The factual background
- On 20 April 2010, the respondent issued a Property Map of Assessable Vegetation (PMAV) to the applicant pursuant to s 20B(1)(g)(i) of the VM Act.
- The PMAV contained category A areas[1]. Their inclusion is permitted if the respondent reasonably believed that a vegetation clearing offence was being, or had been, committed in relation to the areas.[2] The subject vegetation clearing offence was alleged to be the carrying out of an assessable development without a permit in contravention of s 4.3.1(1) of the Integrated Planning Act 1997.
- On 20 May 2010, the applicant applied, pursuant to Part IV Division 1 of the VM Act for an internal review of the decision to issue the PMAV with respect to the category A areas it contained. The respondent made a review decision on 30 June 2010 pursuant to s 63A(1)(b) of the VM Act and issued a review notice to the applicant, including an amended PMAV which reduced the number and/or size of the category A areas (“the internal review decision”).
- On 28 July 2010, pursuant s 17 and s 18 of the QCAT Act and s 63B of the VM Act, the applicant filed an application with QCAT for review of the internal review decision. A compulsory conference was held between the parties to the QCAT proceeding on 9 March 2011. On or after the conclusion of the conference, the Tribunal member directed by consent that the respondent provide “… a map of any additional potential [category A] areas together with submissions” in relation thereto and that the applicant provide submissions in reply to the respondent’s submissions. The respondent’s submissions sought “… the amendment of the PMAV based on new evidence which has been gained during the QCAT process …”. The submissions included the following:
“7.As a result of the new evidence, DERM[3] has a reasonable belief that a vegetation clearing offence has been committed in a number of areas not reflected on the current PMAV (‘the additional areas’). Accordingly, DERM believes the additional areas should be mapped as category A on the PMAV.

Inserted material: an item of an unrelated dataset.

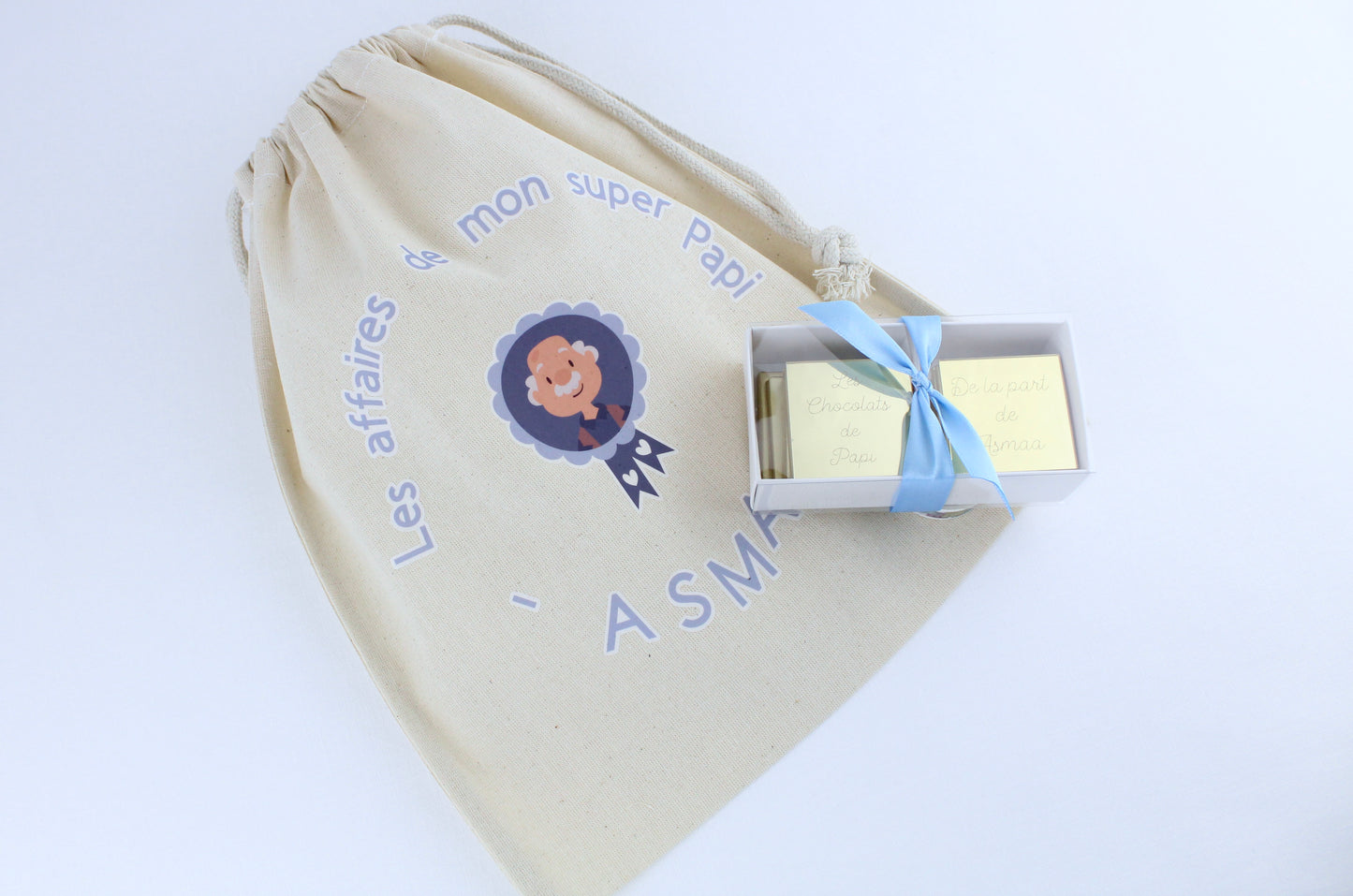 Box Chocolat personnalisée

- DERM has produced a report (Attachment 1) documenting the reasons for forming the reasonable belief in relation to the additional areas.
- The additional areas are outlined in blue on working diagrams (Attachment 2).
- The current category A areas as depicted on the PMAV dated 24 March 2011 are outlined in red on the working diagrams (Attachment 2).
- DERM is of the view that this submission is necessary to produce the correct and preferable decision which is the purpose of a review pursuant to section 20(1) of the QCAT Act.
…
- DERM requests that the Tribunal consider DERM’s submission in relation to the additional areas. If the Tribunal considers that these areas should be included on the PMAV, DERM would ask the Tribunal to make an order for the amendment of the PMAV or an order directing DERM to amend the PMAV to include the additional areas as category A.”
- The applicant submitted that QCAT had no jurisdiction to accede to the request contained in the respondent’s submissions.
- On 24 June 2011, the Tribunal gave the direction quoted above.
- The applicant applied for leave to appeal to the Appeals Tribunal. After a hearing on the papers, leave to appeal was refused on 15 February 2012.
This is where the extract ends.